▶ _What you will do_
Return all of the entries exactly, but do not include the pictures.

▶ _Pictures with short captions_
┌──
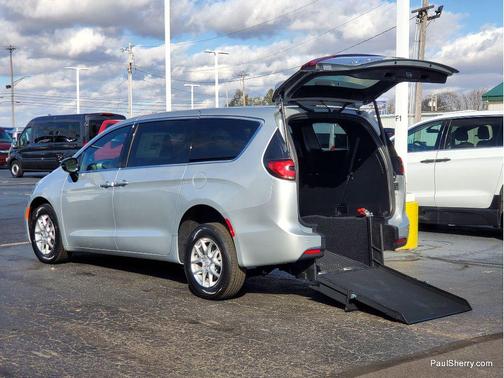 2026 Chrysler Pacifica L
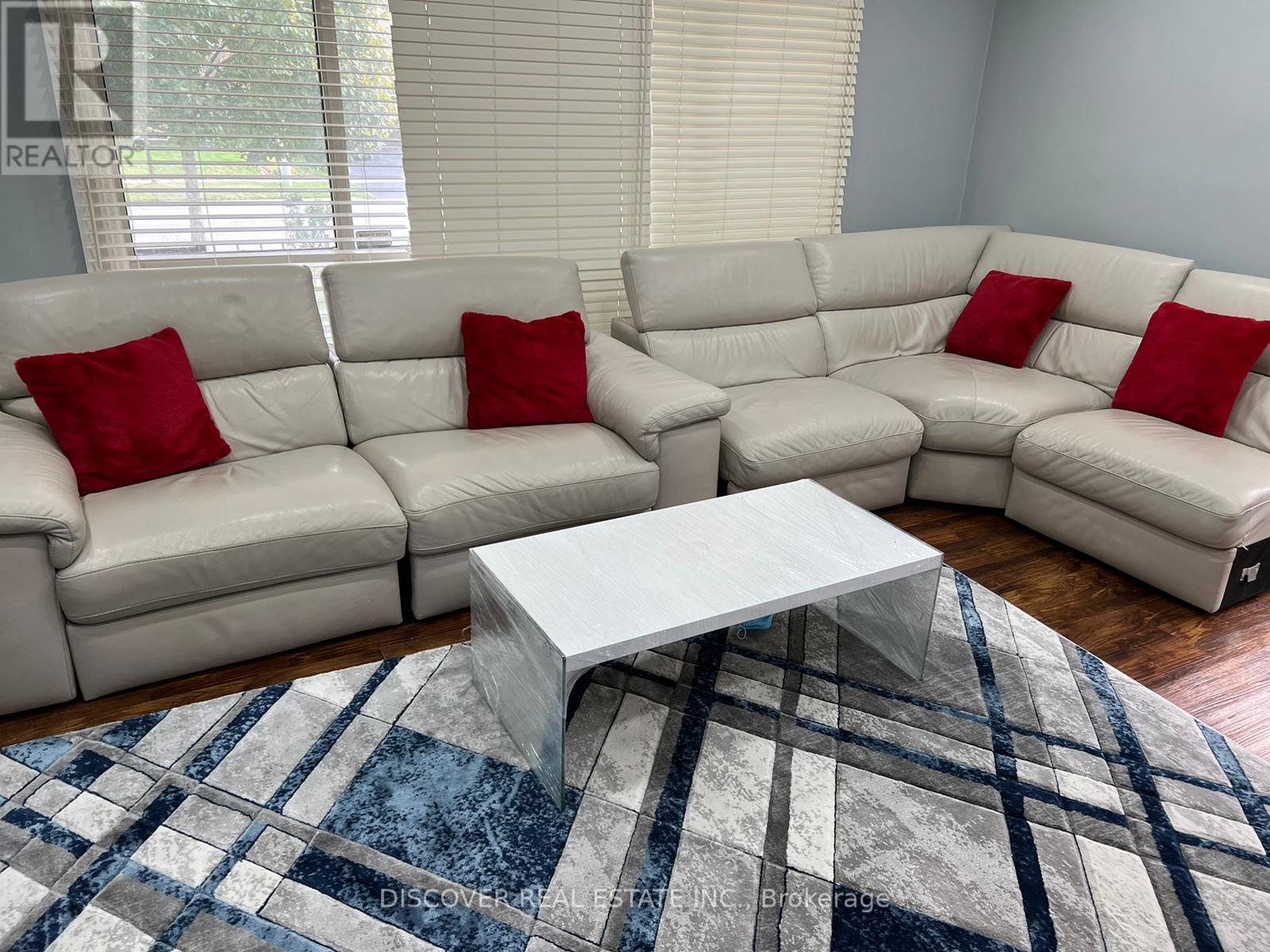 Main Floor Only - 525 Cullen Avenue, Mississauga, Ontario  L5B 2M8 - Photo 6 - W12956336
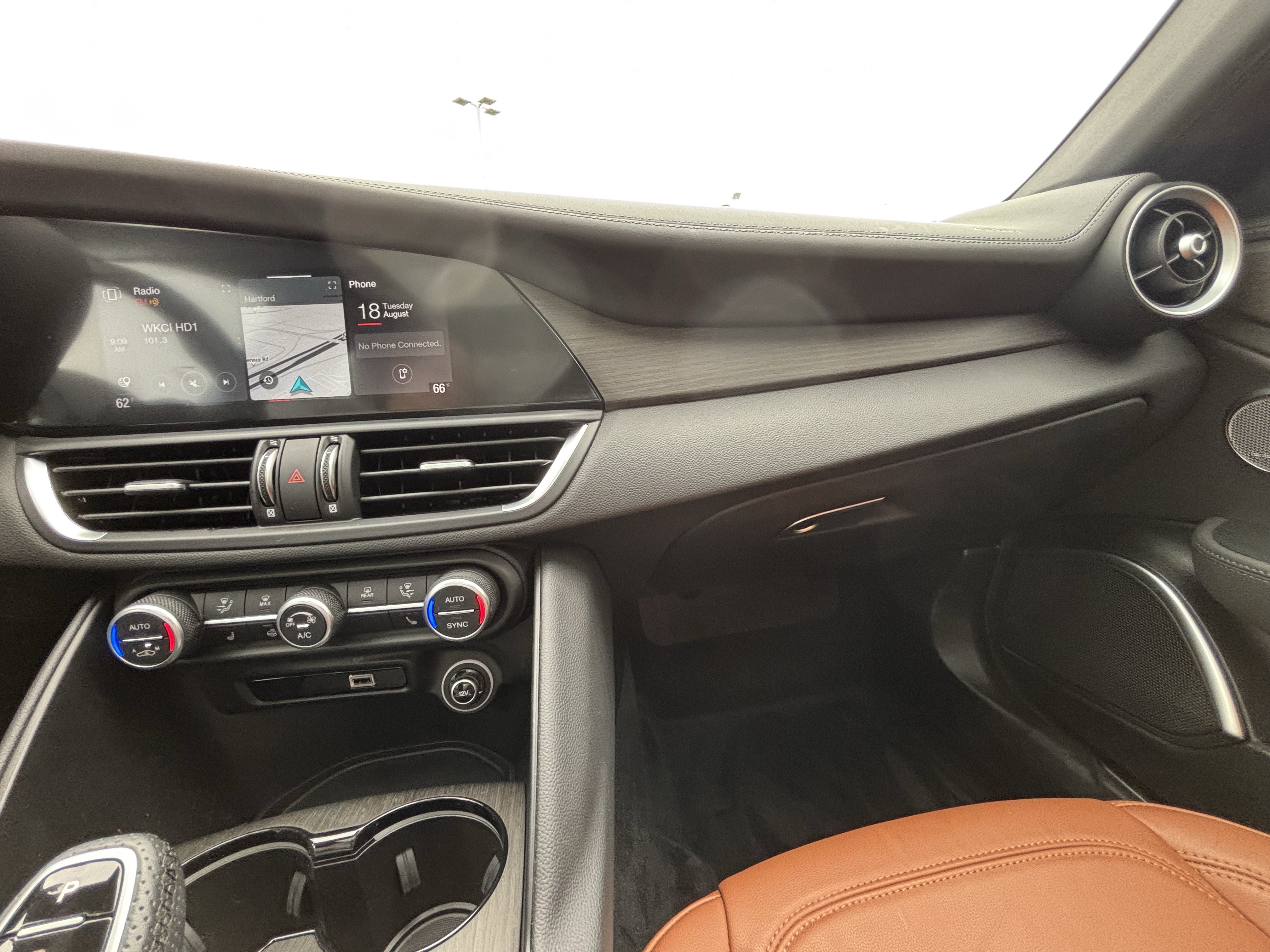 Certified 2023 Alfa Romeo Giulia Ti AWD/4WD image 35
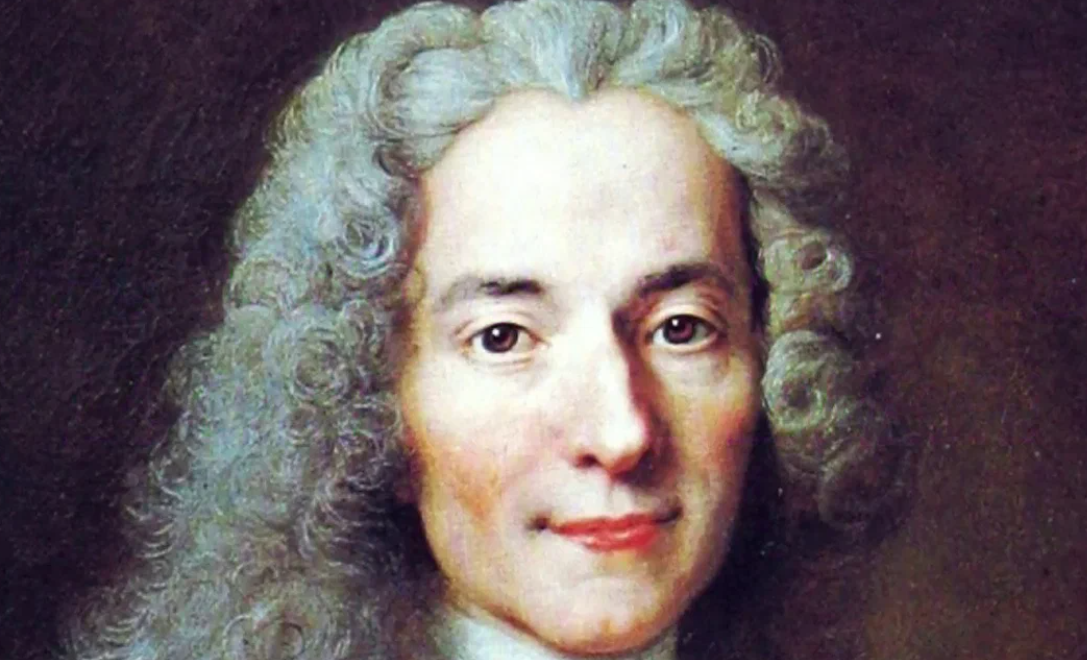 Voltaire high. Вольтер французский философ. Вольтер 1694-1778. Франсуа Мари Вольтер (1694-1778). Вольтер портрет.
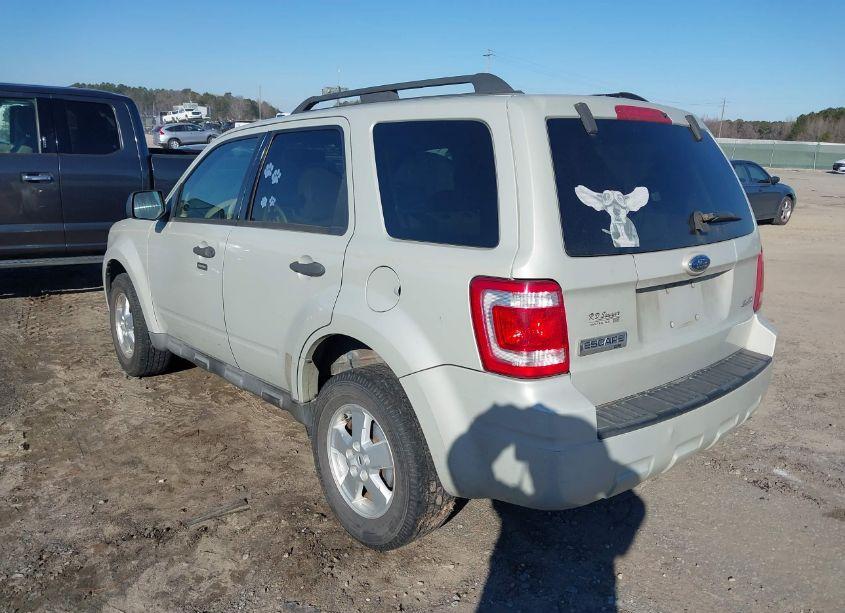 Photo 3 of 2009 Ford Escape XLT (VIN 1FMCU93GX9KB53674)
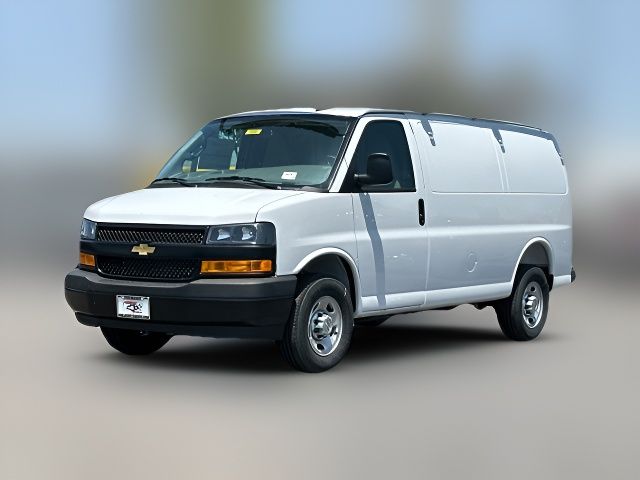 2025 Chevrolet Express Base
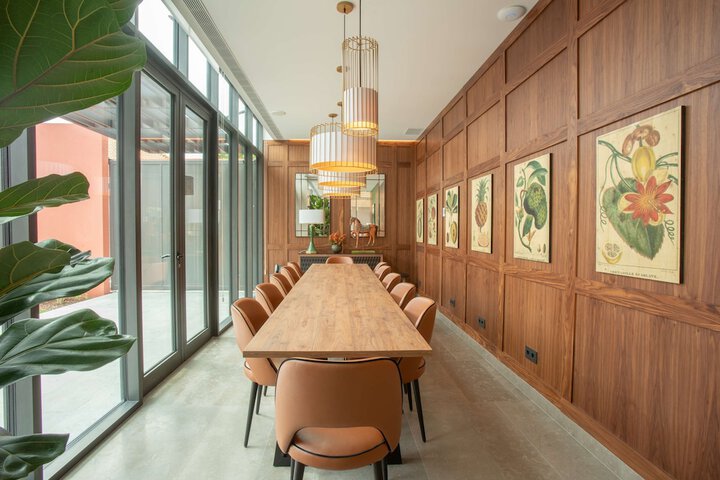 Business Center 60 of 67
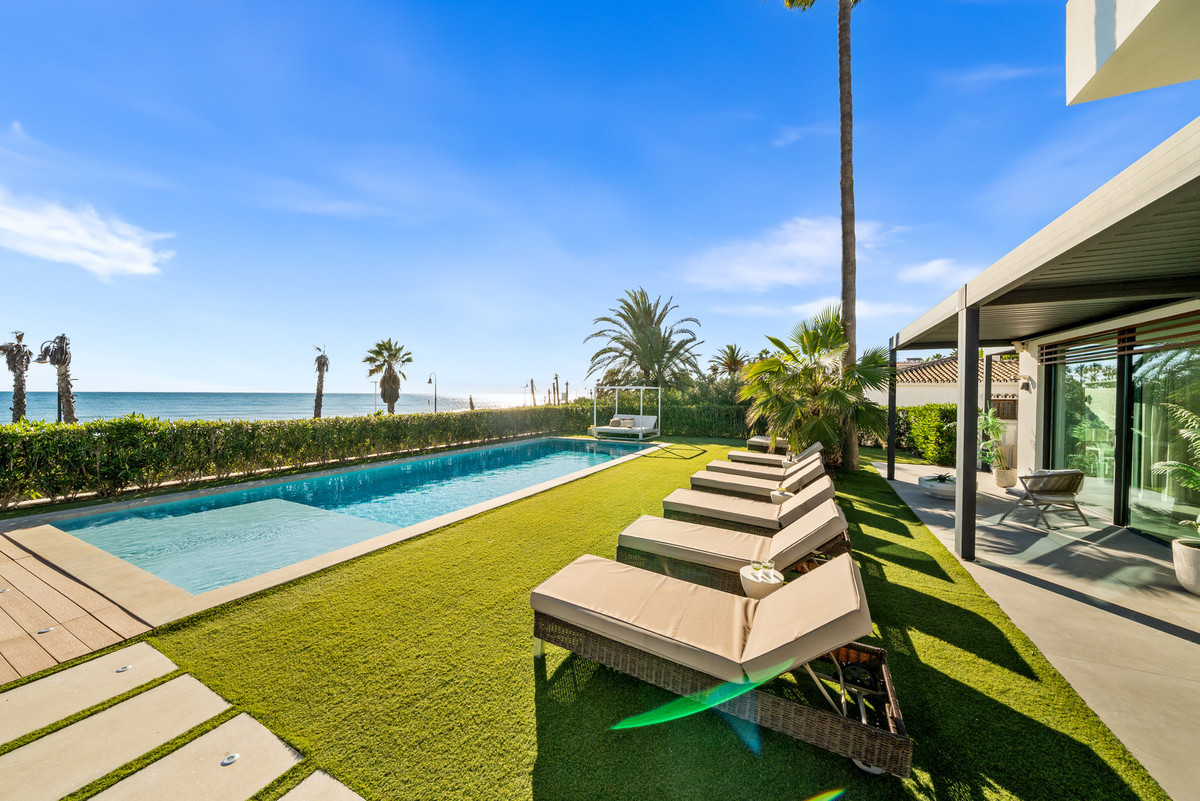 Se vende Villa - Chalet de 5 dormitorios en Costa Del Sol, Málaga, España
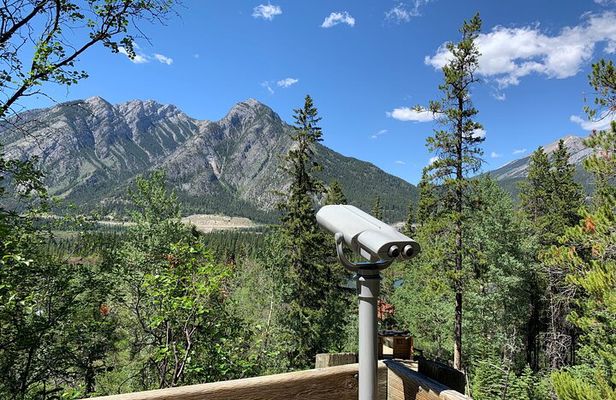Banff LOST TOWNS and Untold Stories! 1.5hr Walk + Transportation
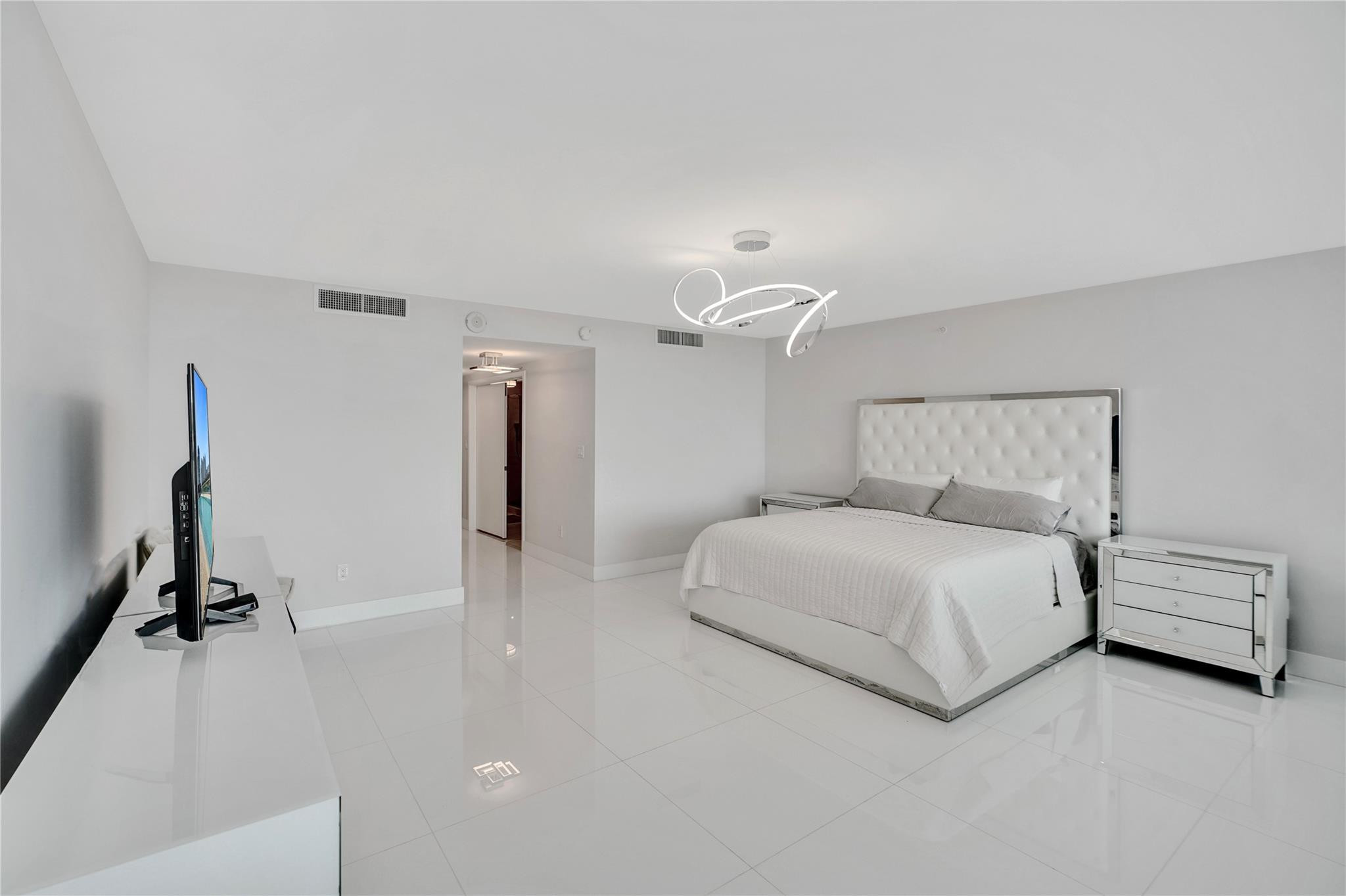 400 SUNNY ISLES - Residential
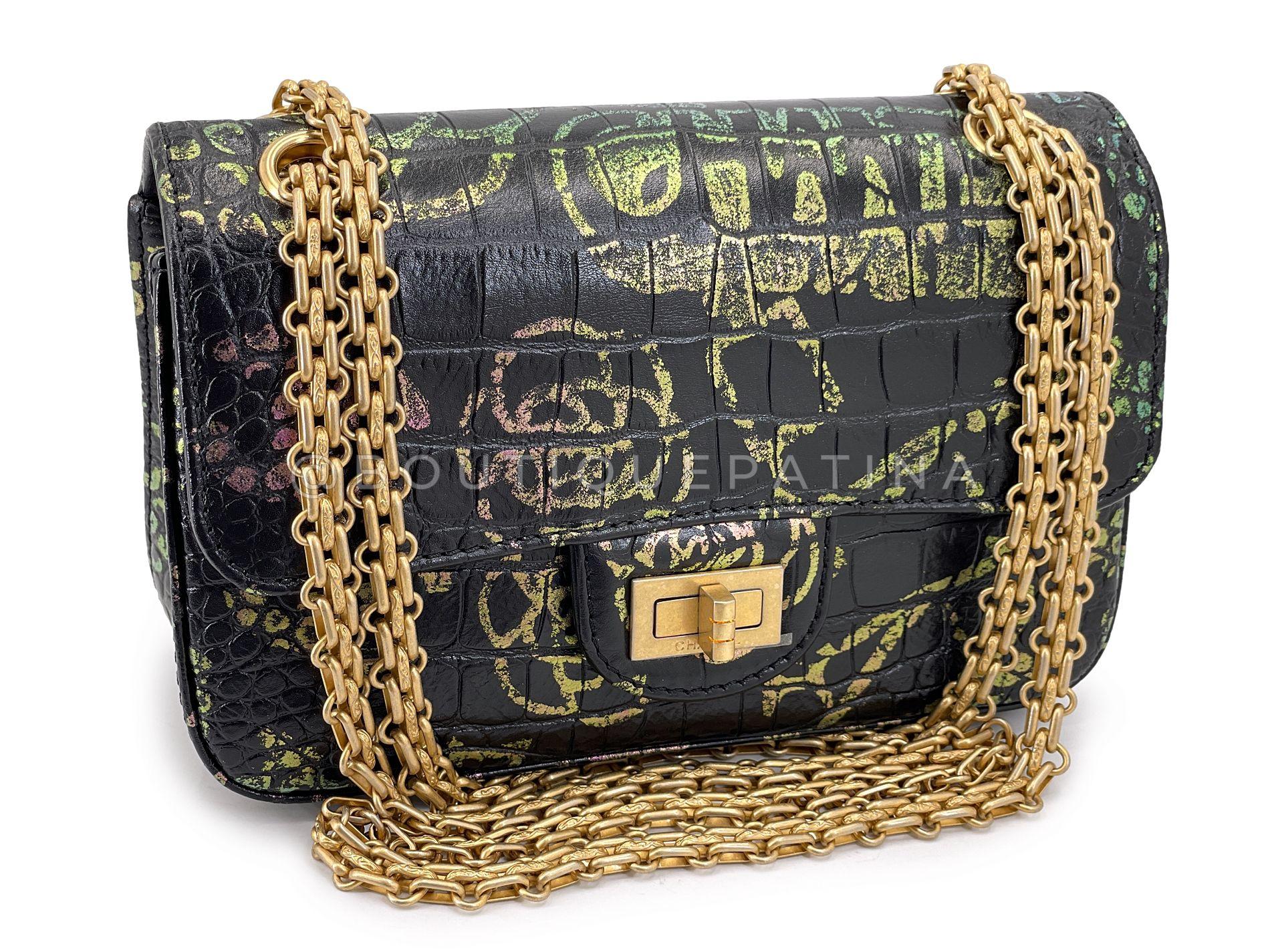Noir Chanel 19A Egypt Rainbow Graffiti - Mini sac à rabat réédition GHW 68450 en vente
└──
▶ _Solution to the problem_
 2026 Chrysler Pacifica L
 Main Floor Only - 525 Cullen Avenue, Mississauga, Ontario  L5B 2M8 - Photo 6 - W12956336
 Certified 2023 Alfa Romeo Giulia Ti AWD/4WD image 35
 Voltaire high. Вольтер французский философ. Вольтер 1694-1778. Франсуа Мари Вольтер (1694-1778). Вольтер портрет.
 Photo 3 of 2009 Ford Escape XLT (VIN 1FMCU93GX9KB53674)
 2025 Chevrolet Express Base
 Business Center 60 of 67
 Se vende Villa - Chalet de 5 dormitorios en Costa Del Sol, Málaga, España
Banff LOST TOWNS and Untold Stories! 1.5hr Walk + Transportation
 400 SUNNY ISLES - Residential
Noir Chanel 19A Egypt Rainbow Graffiti - Mini sac à rabat réédition GHW 68450 en vente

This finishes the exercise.